The next version of Windows, code-named Longhorn, is still in the early stages of its journey to the retail corral, but ARN sister publication PC World’s hands-on look at a preview reveals features we'd love to have now - while raising some intriguing questions.
In addition to the interface revisions, including the new Sidebar, that we saw in our first glimpse of Longhorn, Microsoft has altered Windows Explorer, the program that controls the desktop and its computer- and file-browsing windows.
In our preview code (the official beta isn't due until the second half of 2004, and rumour has it that the upgrade may not ship until 2006), Windows Explorer routinely displayed much more information about files and computer resources than it does in Windows XP. New links in Explorer panels let users and/or applications associate search keywords, comments, and categories with files, data within files, or objects stored on other devices, computers, or networks. This is the first evidence of Longhorn's new WinFS file system, which lets you find related resources regardless of their physical location or object type.
Explorer's attractive displays of files and properties come courtesy of Longhorn's new graphics subsystem, code-named Avalon, which will hand much of its work to the PC's graphics subsystem.

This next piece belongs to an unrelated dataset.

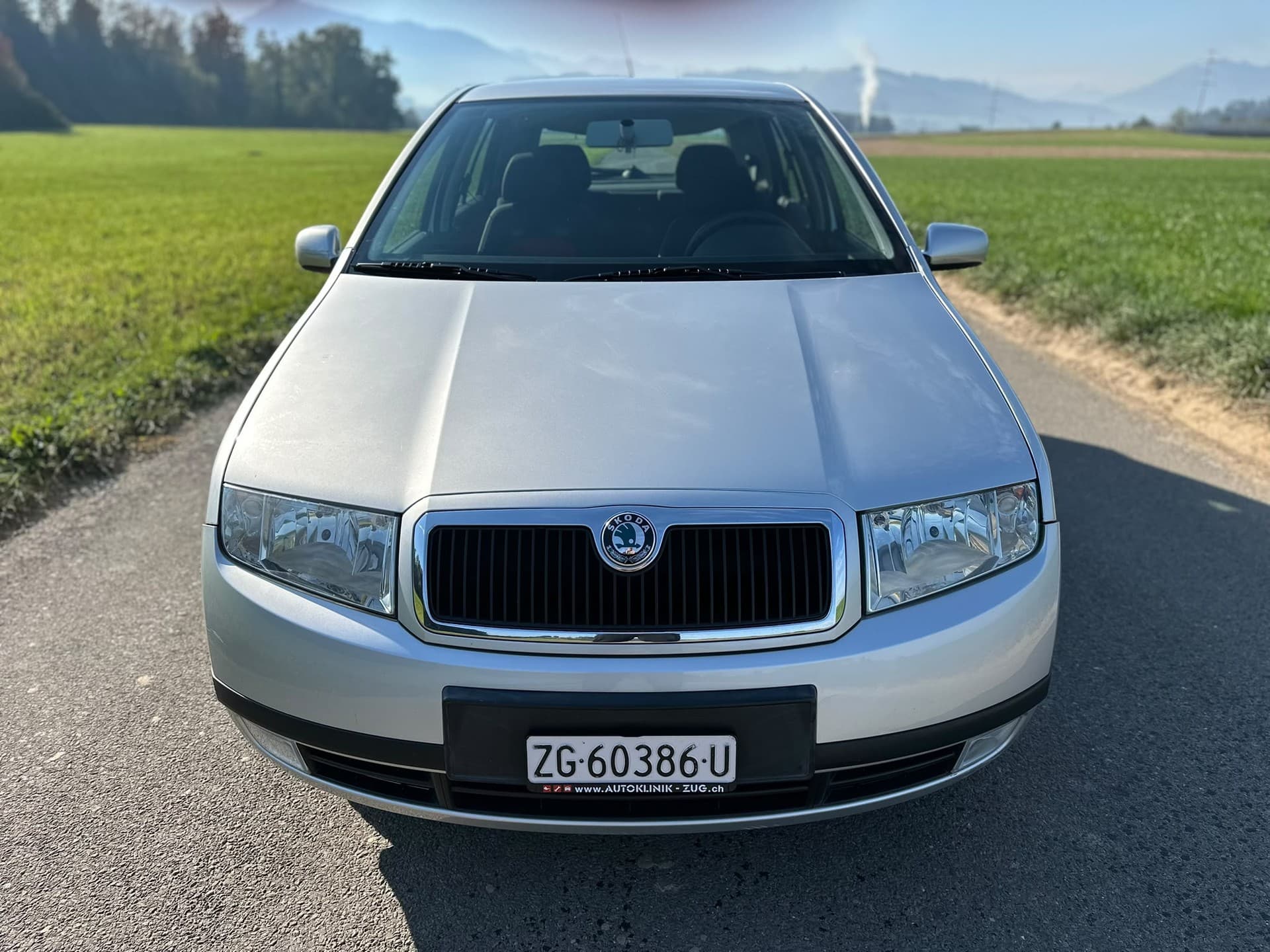 SKODA Fabia 1.4 16V Comfort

Minimum requirements for the preview call for an 800-MHz Pentium III processor, 256MB of memory, and a graphics card with 32MB of video RAM. Such specs are beefier than XP requires, but Longhorn-capable systems should be commonplace by the time the OS ships.
Longhorn addresses some long-languishing Windows XP problems. The Internet Connection Firewall is on by default and has been upgraded to be bidirectional, stopping both incoming threats and any outgoing connections attempted by worms and Trojan horses.

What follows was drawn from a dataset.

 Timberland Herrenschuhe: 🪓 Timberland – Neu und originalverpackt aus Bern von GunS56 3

Internet Explorer, meanwhile, at last includes a pop-up blocker just as every other Web browser in the world does, as well as plug-in and download managers and a convenient tracks-covering feature that clears all cache, cookie, history, and personal data. But Palladium security technology - now known as Next Generation Secure Computing Base (NGSCB) - isn't yet visible in the new OS.
Also new: Speech, a Windows XP Control Panel applet with no apparent purpose, in Longhorn contains an actual speech-recognition engine complete with training text. And a new User Accounts setting allows each user's appointments to display in the Login screen - but Longhorn so far lacks any bundled calendar software. This may simply be evidence of Longhorn's tighter linking with another upcoming Microsoft product: the next version of Office.
Longhorn may be a couple of years off, but Tablet PC users won't have to wait that long for an update. Microsoft plans to release a free upgrade, Windows XP Tablet PC Edition 2004, by mid-2004.
Code-named Lonestar, the upgrade focuses primarily on improving handwritten input. For example, when you place the pointer in a location that can take text (a document, browser address window, and so forth), the Text Input Panel - the window in which handwriting recognition takes place - will automatically appear as a small bubble that, when activated, will grow to its full size and appear close to the chosen text field instead of at the bottom of the display, as it does now.
Microsoft has also given the TIP context-recognition capabilities - for example, if you're filling in a browser address window, the TIP will be more likely to recognise a URL as such. You'll also be able to catch and fix mistakes in the TIP before sending text to an application.
New development tools will allow creators of third-party applications to incorporate some of the operating system's new functionality into their software. Meanwhile, the beta of the upgrade is due in early 2004, with final code to follow sometime this spring.